■ RECORDED INFORMATION
********************
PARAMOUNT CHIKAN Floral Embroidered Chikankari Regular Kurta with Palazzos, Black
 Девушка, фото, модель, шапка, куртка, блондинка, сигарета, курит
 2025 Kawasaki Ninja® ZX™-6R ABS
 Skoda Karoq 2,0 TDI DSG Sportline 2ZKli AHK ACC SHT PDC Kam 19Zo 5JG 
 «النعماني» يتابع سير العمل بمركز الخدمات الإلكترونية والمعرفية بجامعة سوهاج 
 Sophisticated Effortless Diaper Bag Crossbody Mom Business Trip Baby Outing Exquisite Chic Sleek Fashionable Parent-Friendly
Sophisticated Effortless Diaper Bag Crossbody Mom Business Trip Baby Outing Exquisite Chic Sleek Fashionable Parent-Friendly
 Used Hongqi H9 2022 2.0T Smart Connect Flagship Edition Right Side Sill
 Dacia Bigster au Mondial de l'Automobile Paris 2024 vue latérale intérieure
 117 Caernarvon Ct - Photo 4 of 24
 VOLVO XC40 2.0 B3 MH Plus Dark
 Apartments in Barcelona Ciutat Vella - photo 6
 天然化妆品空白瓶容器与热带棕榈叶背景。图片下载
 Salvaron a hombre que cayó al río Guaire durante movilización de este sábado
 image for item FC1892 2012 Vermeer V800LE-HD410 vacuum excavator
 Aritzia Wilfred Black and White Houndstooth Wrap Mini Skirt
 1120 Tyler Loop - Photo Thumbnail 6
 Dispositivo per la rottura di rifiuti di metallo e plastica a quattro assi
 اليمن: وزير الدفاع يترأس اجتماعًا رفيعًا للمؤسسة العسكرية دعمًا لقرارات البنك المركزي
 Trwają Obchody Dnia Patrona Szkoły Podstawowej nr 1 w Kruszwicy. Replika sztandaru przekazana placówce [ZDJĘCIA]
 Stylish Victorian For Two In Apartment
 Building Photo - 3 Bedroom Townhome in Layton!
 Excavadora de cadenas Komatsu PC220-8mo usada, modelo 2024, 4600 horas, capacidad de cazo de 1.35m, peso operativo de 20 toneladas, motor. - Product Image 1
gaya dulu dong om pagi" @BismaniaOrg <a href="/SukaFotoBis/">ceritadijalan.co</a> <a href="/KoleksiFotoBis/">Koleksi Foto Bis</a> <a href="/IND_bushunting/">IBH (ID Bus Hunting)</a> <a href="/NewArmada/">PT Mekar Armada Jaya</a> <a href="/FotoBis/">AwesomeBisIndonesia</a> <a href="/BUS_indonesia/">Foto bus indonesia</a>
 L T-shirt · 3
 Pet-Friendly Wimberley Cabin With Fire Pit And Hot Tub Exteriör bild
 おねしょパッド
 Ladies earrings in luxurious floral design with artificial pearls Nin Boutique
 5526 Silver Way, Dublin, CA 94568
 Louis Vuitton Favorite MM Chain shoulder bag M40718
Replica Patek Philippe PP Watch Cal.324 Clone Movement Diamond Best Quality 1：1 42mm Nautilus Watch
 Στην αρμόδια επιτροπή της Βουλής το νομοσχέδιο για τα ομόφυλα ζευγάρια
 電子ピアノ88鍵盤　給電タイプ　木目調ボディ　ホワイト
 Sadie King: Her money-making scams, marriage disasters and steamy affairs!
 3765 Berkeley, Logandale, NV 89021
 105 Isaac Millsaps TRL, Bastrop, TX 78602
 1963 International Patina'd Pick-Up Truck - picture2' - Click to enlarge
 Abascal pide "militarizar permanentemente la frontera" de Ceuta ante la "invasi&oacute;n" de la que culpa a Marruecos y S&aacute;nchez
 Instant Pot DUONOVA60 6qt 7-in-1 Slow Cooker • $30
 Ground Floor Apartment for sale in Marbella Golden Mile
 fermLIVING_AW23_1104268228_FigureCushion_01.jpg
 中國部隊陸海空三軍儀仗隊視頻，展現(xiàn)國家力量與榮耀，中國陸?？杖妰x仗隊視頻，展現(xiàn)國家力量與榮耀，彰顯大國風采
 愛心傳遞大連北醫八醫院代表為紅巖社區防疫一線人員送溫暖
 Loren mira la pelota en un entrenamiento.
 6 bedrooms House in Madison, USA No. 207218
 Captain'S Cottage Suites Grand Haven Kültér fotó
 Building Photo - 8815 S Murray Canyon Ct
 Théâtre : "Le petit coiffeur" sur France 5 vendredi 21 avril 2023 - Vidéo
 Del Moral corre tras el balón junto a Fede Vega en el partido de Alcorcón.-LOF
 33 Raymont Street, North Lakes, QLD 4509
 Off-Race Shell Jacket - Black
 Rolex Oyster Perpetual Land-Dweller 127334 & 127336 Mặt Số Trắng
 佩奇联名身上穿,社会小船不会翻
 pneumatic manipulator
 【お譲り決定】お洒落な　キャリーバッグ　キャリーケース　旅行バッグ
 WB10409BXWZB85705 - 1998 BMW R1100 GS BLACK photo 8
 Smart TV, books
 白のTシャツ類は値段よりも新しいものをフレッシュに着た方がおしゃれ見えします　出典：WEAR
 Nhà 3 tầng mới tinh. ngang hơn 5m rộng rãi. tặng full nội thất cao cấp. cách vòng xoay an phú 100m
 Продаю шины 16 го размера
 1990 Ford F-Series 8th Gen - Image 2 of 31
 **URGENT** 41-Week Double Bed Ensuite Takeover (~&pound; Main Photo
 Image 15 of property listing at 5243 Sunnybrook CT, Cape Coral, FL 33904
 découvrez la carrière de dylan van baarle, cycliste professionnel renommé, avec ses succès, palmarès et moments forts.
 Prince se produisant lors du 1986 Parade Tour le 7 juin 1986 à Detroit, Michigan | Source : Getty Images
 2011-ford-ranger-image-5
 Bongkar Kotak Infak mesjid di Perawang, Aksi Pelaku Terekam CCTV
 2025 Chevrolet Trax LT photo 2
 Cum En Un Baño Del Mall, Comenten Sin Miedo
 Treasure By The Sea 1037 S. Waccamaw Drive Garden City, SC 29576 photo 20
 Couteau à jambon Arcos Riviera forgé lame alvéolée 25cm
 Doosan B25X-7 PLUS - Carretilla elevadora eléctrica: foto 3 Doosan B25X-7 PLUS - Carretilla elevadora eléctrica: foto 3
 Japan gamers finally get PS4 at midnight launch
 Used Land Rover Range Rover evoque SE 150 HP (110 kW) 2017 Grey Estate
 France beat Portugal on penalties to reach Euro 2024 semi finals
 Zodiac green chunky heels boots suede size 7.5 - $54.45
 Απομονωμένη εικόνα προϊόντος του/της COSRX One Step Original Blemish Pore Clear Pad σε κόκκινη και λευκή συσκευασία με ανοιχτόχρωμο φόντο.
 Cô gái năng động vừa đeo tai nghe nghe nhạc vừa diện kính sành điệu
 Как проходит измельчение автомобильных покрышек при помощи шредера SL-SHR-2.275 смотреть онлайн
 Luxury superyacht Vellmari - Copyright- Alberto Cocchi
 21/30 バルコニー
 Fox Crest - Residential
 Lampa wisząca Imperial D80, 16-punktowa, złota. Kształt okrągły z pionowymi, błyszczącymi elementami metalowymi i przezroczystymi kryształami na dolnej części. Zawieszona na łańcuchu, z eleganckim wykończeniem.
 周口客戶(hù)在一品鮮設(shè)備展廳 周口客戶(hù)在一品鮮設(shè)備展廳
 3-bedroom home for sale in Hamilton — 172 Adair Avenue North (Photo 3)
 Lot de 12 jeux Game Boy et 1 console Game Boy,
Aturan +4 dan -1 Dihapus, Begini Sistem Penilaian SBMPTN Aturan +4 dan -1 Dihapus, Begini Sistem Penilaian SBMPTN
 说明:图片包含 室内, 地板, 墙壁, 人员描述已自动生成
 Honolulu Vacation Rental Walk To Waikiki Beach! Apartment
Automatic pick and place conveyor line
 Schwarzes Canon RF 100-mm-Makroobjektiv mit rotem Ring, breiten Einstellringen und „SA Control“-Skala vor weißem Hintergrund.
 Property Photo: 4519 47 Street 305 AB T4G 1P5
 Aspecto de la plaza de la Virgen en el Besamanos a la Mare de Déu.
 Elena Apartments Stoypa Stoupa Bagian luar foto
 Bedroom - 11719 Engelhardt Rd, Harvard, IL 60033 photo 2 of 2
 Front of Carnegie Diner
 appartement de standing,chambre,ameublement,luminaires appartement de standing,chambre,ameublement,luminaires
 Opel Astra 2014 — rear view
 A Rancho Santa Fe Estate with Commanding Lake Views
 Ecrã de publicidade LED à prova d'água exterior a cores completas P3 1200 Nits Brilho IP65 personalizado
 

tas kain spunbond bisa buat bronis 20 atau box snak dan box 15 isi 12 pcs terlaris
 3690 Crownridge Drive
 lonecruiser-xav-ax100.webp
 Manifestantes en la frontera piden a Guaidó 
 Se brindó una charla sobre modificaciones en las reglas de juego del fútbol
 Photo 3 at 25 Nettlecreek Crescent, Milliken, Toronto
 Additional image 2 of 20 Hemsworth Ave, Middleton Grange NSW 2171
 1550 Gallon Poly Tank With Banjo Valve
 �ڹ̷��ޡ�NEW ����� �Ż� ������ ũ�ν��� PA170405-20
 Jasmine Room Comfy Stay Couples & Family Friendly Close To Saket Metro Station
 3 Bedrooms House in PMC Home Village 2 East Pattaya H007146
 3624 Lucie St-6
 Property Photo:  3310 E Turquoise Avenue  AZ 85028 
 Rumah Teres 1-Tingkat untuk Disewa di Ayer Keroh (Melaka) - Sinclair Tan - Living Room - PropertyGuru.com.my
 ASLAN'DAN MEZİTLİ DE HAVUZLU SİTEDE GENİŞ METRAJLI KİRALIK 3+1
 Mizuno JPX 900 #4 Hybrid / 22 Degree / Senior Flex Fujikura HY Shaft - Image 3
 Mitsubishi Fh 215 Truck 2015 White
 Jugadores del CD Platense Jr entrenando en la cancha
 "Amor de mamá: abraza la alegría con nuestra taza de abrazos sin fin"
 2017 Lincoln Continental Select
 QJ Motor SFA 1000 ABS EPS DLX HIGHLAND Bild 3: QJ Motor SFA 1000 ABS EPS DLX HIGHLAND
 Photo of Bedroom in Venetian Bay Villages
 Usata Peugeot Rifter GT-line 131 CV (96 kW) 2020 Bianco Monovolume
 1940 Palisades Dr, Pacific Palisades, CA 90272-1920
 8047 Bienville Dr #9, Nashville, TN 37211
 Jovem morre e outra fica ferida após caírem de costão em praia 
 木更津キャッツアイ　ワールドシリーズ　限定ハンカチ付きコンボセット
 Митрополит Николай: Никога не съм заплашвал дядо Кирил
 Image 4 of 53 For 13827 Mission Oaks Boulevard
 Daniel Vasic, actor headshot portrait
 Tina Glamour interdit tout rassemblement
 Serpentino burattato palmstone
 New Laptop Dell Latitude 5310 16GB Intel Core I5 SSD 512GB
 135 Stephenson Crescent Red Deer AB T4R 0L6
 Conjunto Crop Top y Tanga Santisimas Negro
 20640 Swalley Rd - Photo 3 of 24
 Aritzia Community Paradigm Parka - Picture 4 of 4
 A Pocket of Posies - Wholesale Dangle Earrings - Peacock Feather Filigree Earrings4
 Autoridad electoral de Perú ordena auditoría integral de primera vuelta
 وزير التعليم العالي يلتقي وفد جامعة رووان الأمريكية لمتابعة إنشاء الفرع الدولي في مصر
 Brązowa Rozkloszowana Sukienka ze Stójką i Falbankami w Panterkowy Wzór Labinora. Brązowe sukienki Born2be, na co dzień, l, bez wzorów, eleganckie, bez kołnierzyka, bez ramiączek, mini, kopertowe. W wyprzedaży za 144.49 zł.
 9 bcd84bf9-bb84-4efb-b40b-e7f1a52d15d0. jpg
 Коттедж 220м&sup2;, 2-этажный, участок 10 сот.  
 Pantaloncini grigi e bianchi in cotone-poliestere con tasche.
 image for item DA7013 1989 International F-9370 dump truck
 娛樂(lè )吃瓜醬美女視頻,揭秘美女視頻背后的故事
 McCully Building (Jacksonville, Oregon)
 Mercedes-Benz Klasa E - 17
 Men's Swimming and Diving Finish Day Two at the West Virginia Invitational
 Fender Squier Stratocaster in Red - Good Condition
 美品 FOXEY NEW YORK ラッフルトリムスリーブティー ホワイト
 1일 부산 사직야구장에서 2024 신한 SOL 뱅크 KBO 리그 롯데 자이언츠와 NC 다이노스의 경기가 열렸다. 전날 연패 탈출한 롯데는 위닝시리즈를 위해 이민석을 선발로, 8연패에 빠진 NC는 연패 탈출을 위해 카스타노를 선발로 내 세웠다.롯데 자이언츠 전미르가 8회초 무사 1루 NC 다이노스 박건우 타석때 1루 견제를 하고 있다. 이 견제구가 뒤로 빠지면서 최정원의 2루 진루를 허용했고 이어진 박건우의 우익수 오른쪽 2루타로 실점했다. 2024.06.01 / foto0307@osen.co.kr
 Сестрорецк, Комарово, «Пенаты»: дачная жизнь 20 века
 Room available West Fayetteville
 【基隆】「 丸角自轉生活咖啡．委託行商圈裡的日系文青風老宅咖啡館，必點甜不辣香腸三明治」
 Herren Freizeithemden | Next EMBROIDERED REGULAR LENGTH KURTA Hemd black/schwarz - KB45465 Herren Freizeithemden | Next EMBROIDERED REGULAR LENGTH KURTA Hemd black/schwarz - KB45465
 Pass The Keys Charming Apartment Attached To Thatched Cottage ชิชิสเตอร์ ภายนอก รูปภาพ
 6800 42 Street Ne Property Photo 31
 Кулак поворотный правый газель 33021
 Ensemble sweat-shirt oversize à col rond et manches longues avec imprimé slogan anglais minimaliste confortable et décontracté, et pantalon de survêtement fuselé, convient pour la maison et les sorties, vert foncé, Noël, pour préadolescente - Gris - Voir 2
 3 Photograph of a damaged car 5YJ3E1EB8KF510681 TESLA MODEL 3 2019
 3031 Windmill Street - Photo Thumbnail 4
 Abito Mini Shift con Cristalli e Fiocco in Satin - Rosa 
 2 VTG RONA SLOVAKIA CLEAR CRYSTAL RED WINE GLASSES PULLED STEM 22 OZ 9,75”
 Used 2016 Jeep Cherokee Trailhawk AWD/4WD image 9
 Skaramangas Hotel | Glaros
********************
■ EXERCISE DESCRIPTION
What you copy should begin at the line with "2 VTG RONA SLOVAKIA" and end at the final line of the listing, each line exactly as it is.

■ THE COMPLETED TASK
 2 VTG RONA SLOVAKIA CLEAR CRYSTAL RED WINE GLASSES PULLED STEM 22 OZ 9,75”
 Used 2016 Jeep Cherokee Trailhawk AWD/4WD image 9
 Skaramangas Hotel | Glaros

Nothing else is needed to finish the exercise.